Обсуждение: Parallel sequential scans

Поиск
Список
Период
Сортировка

Parallel sequential scans

От
Steve Atkins
Дата:
I'm doing some reporting-type work with PG, with the vast
majority of queries hitting upwards of 25% of the table, so
being executed as seq scans.

It's a fairly large set of data, so each pass is taking quite
a while, IO limited. And I'm looking at doing dozens of
passes.

It would be really nice to be able to do all the work with a
single pass over the table, executing all the queries in
parallel in that pass.
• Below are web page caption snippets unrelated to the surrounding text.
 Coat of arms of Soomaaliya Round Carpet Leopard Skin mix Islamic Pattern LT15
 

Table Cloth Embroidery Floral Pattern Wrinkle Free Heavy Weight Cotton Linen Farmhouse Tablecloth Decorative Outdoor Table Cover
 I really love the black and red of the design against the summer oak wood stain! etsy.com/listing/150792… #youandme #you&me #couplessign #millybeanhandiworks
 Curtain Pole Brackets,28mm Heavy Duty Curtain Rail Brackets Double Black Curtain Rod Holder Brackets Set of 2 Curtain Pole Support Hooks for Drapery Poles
They're pretty simple queries, mostly,
just some aggregates and a simple where clause.

There are some fairly obvious ways to merge multiple
queries to do that at a SQL level - converting each query
into a function and passing each row from a select * to
each of the functions would be one of the less ugly.
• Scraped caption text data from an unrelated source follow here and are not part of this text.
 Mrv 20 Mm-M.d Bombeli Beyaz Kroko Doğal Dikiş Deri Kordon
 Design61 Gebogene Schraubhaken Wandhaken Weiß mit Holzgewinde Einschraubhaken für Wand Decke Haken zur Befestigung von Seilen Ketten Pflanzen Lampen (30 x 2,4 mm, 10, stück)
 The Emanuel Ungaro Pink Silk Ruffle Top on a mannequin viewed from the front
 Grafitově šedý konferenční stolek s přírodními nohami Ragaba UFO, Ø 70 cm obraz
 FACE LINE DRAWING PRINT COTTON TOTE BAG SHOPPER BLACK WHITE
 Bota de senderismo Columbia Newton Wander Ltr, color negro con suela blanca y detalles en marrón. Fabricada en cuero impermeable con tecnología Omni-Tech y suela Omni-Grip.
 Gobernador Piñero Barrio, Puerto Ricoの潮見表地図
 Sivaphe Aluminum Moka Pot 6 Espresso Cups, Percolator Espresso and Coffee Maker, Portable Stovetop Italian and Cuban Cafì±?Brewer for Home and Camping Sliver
Or I could fire off all the queries simultaneously and hope
they stay in close-enough lockstep through a single pass
through the table to be able to share most of the IO.

Is there a commonly used trick to doing this that I should
know about?

Cheers,
   Steve




Re: Parallel sequential scans

От
Tom Lane
Дата:
Steve Atkins <steve@blighty.com> writes:
> I'm doing some reporting-type work with PG, with the vast
> majority of queries hitting upwards of 25% of the table, so
> being executed as seq scans.
> ...
> It would be really nice to be able to do all the work with a
> single pass over the table, executing all the queries in
> parallel in that pass. They're pretty simple queries, mostly,
> just some aggregates and a simple where clause.

> There are some fairly obvious ways to merge multiple
> queries to do that at a SQL level - converting each query
> into a function and passing each row from a select * to
> each of the functions would be one of the less ugly.

> Or I could fire off all the queries simultaneously and hope
> they stay in close-enough lockstep through a single pass
> through the table to be able to share most of the IO.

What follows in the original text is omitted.